Please repeat, exactly as written, the line containing "산업 여행 날개 회사" and every line after it through the end of the records below.

Scraped caption text data:

-- Opening Marker --

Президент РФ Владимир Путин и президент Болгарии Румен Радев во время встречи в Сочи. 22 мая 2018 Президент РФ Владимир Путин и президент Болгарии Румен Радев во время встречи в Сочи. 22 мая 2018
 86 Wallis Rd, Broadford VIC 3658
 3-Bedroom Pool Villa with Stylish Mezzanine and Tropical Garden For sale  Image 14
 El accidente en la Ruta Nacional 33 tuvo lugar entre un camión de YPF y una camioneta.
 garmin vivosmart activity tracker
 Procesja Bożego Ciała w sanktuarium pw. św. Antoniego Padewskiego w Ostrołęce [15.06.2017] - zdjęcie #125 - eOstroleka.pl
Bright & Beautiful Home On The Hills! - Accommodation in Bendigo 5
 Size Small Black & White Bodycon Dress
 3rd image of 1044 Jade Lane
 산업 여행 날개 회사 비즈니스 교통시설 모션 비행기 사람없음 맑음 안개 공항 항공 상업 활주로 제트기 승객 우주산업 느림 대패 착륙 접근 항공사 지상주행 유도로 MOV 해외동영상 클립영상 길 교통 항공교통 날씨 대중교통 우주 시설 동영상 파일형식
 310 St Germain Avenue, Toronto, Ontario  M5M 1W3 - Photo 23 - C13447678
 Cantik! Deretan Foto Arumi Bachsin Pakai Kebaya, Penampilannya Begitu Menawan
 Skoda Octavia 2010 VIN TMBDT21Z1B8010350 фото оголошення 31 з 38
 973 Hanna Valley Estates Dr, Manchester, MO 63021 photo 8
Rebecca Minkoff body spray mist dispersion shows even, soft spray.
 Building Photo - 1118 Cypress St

-- Closing Marker --

▸ Output below
 산업 여행 날개 회사 비즈니스 교통시설 모션 비행기 사람없음 맑음 안개 공항 항공 상업 활주로 제트기 승객 우주산업 느림 대패 착륙 접근 항공사 지상주행 유도로 MOV 해외동영상 클립영상 길 교통 항공교통 날씨 대중교통 우주 시설 동영상 파일형식
 310 St Germain Avenue, Toronto, Ontario  M5M 1W3 - Photo 23 - C13447678
 Cantik! Deretan Foto Arumi Bachsin Pakai Kebaya, Penampilannya Begitu Menawan
 Skoda Octavia 2010 VIN TMBDT21Z1B8010350 фото оголошення 31 з 38
 973 Hanna Valley Estates Dr, Manchester, MO 63021 photo 8
Rebecca Minkoff body spray mist dispersion shows even, soft spray.
 Building Photo - 1118 Cypress St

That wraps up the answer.